■ **WHAT IS EXPECTED**
The required output is the lines below from the line containing "Fleischmann Wielenrichter 6480" to the line containing "2023 Honda Freed", inclusive, retyped exactly. No other lines belong in it.

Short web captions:
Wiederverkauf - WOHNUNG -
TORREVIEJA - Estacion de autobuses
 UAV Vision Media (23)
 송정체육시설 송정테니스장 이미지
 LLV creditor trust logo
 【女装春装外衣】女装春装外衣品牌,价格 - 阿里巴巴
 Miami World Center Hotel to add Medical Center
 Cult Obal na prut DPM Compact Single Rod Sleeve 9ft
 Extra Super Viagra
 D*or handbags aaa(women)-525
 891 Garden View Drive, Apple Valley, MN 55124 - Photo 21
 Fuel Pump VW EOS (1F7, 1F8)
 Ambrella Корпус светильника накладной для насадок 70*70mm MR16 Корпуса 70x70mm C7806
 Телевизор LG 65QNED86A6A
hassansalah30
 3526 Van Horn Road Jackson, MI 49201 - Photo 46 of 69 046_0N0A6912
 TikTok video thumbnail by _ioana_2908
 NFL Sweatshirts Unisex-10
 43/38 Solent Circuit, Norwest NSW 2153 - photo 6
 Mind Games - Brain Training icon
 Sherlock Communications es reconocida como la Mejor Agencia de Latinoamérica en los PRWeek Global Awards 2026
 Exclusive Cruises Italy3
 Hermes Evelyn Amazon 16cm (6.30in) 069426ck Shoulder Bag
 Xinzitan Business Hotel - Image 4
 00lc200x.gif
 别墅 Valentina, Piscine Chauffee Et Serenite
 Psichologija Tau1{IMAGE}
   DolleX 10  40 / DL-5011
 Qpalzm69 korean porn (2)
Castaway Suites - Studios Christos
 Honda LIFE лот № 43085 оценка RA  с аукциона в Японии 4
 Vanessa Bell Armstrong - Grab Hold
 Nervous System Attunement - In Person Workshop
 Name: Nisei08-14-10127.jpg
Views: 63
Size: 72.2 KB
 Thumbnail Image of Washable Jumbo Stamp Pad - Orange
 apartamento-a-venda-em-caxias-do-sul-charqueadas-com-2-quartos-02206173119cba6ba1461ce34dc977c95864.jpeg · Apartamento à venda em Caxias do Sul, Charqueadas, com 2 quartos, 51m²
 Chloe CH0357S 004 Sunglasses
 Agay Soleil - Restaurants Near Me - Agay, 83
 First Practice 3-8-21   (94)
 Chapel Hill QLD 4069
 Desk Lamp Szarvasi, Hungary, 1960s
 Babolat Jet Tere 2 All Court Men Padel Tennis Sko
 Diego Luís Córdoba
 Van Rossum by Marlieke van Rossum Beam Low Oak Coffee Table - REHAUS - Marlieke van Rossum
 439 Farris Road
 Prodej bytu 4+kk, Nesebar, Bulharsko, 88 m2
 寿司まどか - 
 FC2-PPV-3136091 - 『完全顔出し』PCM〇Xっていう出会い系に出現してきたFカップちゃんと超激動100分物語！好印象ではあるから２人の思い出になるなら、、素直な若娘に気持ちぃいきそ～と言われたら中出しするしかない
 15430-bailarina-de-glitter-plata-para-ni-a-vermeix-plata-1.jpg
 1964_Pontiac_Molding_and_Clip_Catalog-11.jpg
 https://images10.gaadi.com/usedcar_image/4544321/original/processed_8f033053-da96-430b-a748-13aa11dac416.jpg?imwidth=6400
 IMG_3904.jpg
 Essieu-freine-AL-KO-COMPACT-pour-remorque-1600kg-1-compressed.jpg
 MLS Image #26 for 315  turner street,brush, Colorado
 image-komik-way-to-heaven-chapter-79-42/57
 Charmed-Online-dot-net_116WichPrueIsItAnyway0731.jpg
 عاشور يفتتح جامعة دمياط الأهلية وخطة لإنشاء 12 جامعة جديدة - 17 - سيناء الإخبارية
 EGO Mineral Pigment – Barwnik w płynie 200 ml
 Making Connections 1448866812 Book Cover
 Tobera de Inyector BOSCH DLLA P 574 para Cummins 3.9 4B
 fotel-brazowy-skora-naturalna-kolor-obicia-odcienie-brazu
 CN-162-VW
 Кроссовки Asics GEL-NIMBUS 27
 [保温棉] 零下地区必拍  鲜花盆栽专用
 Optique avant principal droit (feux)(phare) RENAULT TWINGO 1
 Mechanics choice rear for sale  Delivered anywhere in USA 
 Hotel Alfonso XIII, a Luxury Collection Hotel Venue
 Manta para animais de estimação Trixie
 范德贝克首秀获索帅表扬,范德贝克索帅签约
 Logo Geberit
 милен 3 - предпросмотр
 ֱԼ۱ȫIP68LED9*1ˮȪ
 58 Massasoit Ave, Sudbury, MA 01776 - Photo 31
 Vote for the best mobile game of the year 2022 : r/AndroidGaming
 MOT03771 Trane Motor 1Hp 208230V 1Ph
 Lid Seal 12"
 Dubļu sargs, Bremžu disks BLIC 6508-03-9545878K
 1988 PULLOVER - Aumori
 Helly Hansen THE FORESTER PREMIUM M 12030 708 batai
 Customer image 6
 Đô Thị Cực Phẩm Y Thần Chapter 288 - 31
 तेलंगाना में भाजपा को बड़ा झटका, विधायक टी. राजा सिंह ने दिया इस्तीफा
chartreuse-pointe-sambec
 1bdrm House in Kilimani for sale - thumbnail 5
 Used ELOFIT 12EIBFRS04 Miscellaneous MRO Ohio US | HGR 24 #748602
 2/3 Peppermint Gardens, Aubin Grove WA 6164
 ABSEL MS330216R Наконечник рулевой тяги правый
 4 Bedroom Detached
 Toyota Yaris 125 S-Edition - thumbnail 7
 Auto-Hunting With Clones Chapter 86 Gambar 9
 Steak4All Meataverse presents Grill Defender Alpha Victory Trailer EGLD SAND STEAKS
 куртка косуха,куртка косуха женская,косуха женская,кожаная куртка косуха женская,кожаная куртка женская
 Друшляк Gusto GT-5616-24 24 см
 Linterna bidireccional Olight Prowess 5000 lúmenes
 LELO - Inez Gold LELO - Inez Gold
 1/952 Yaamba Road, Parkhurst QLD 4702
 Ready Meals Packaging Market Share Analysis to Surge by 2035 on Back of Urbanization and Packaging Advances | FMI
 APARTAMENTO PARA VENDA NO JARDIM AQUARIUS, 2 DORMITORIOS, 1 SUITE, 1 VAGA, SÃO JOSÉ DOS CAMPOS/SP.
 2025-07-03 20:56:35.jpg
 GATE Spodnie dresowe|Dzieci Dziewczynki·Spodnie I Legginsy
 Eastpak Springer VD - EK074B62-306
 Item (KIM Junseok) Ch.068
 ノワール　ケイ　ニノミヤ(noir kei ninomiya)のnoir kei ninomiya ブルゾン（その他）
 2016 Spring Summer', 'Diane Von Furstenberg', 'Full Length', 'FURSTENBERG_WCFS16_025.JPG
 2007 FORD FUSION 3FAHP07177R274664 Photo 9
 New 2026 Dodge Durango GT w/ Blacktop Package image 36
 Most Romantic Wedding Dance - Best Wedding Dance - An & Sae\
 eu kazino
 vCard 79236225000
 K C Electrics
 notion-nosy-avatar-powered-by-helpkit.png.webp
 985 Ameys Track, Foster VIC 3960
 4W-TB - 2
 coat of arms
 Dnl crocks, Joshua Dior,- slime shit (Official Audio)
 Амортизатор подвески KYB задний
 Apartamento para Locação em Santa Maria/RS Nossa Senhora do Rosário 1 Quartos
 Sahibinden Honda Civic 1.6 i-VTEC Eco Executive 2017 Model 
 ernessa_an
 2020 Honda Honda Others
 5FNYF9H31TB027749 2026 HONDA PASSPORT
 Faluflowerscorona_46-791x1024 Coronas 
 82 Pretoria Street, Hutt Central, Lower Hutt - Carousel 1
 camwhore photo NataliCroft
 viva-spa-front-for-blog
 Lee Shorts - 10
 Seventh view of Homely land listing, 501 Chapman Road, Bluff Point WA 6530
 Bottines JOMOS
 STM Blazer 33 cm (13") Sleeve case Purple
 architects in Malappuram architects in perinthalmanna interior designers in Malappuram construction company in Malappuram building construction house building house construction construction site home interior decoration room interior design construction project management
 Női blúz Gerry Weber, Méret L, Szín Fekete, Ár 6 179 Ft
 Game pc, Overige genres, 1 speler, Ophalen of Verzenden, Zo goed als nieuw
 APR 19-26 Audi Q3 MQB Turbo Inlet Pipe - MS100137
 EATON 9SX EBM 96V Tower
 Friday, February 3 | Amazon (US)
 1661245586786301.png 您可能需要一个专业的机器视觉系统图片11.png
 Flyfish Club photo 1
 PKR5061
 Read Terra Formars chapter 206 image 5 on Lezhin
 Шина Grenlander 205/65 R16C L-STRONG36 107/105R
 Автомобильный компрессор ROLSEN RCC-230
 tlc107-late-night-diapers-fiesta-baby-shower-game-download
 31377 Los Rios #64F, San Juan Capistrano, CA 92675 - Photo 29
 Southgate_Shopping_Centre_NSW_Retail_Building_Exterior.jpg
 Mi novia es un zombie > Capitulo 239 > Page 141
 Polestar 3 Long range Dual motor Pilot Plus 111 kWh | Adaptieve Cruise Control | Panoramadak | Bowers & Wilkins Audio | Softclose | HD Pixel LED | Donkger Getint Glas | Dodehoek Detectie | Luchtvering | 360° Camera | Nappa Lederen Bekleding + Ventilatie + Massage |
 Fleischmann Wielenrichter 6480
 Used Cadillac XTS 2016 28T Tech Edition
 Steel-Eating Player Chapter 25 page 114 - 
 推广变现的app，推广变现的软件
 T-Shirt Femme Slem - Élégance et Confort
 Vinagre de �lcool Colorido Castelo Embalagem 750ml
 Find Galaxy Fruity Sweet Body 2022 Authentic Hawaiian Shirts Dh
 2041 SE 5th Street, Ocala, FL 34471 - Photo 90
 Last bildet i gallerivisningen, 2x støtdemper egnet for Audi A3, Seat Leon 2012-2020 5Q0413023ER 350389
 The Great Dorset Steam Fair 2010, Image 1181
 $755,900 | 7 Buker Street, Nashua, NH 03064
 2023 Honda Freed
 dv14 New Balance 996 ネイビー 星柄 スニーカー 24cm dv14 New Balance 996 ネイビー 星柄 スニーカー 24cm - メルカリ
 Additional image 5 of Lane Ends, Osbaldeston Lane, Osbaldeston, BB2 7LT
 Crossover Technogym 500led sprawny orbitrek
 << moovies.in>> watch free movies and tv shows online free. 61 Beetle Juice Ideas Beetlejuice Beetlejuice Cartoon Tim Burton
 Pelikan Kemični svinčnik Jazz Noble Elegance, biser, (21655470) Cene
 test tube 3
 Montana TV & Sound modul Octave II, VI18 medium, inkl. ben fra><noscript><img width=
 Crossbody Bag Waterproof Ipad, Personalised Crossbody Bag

■ **ANSWER TO THE PROBLEM**
 Fleischmann Wielenrichter 6480
 Used Cadillac XTS 2016 28T Tech Edition
 Steel-Eating Player Chapter 25 page 114 - 
 推广变现的app，推广变现的软件
 T-Shirt Femme Slem - Élégance et Confort
 Vinagre de �lcool Colorido Castelo Embalagem 750ml
 Find Galaxy Fruity Sweet Body 2022 Authentic Hawaiian Shirts Dh
 2041 SE 5th Street, Ocala, FL 34471 - Photo 90
 Last bildet i gallerivisningen, 2x støtdemper egnet for Audi A3, Seat Leon 2012-2020 5Q0413023ER 350389
 The Great Dorset Steam Fair 2010, Image 1181
 $755,900 | 7 Buker Street, Nashua, NH 03064
 2023 Honda Freed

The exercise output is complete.